Economics and the mid-life crisis have much in common: Both dwell on foregone opportunities

C'est la vie; c'est la guerre; c'est la pomme de terre . . . . . . . . . . . . . email: jpalmer at uwo dot ca

. . . . . . . . . . .Richard Posner should be awarded the next Nobel Prize in Economics . . . . . . . . . . . .

Friday, July 22, 2005

Beethoven and the Beeb;
economics and the assessment

I noted in an earlier item that BBC3 had all nine Beethoven Symphonies available for downloading at no charge for a limited time. The Guardian has an assessment of the experiment, which is generally positive [thanks to JJ for the link]. There are several items in their assessment that are confusing, though.
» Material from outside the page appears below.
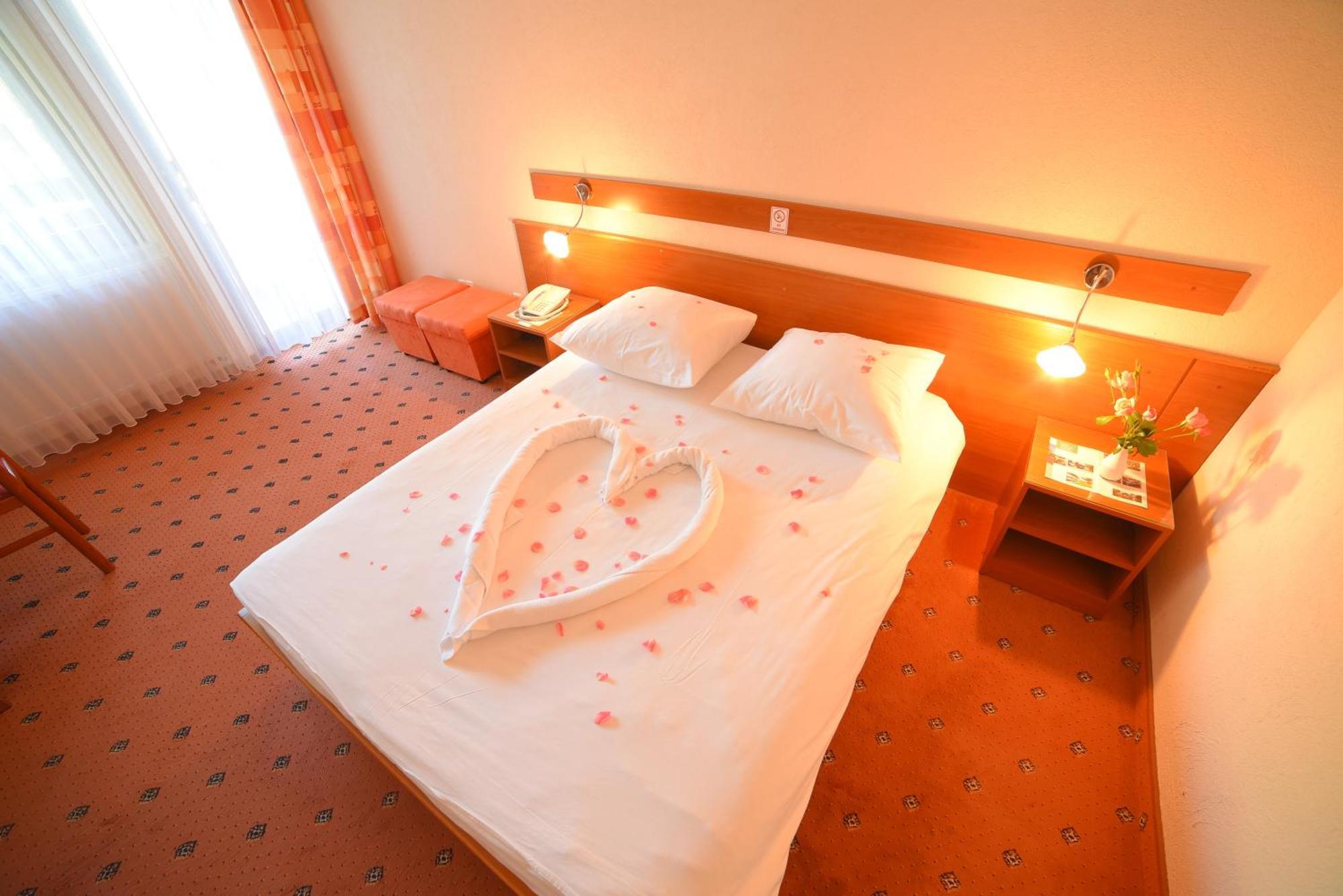 Hotel Ada Біхач Екстер'єр фото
Roger Wright, the controller of Radio 3, said it was "clear that people had been coming to Beethoven for the first time" through the Beethoven downloads. This was discernible from the fact that the symphonies nos 1 and 2 had a high take-up compared with no 3, the Eroica, a much more famous work.
I usually miss something, but how do these data support this conclusion?

Beethoven's downloads
1 Symphony No 6 (Pastoral): 220,461
2 Symphony No 7: 185,718
3 Symphony No 1: 164,662
4 Symphony No 9 (Choral): 157,822
5 Symphony No 2: 154,496
6 Symphony No 8: 148,553
7 Symphony No 5: 139,905
8 Symphony No 4: 108,958
9 Symphony No 3 (Eroica): 89,318
Total: 1,369,893
The real reason Symphony #6 had the most downloads because there was a great deal of hype and publicity about the programme before Symphonies 6-9 became available, but after Symphonies 1-5 were no longer available. I'd guess that Eroica received the fewest downloads mostly because fewer people were aware of the availability of the downloads when it was up.

And put this in the remember-demand-curves-are-downward-sloping book:

To put another perspective on the success of the Beethoven downloads, according to Matthew Cosgrove, director of Warner Classics, it would take a commercial CD recording of the complete Beethoven symphonies "upwards of five years" to sell as many downloads as were shifted from the BBC website in two weeks.

... Mr Cosgrove said: "I would be worried if the BBC repeated the experiment. We would take an extremely dim view if it happened repeatedly." But, he added: "It's caused quite a bit of controversy - but it has also provided us with an amazing piece of free market research. I don't think anyone had any idea in their wildest dreams that there would be this level of response. Yes, the downloads were free - but if charged at a commercial rate that would have been a huge amount of revenue."
Yes, Mr. Cosgrove. And if charged at a commercial rate, there would not have been nearly as many downloads. What is the price elasticity of demand for Beethoven Symphony downloads as the price goes above zero? I expect it is fairly high.

Digression: JJ, who sent me the Guardian piece, offers this brilliant insight:
Nothing personal, but I think it's completely nuts that British residents are paying for this service. Utterly barmy. Maybe the BBC should just send £10 notes abroad instead.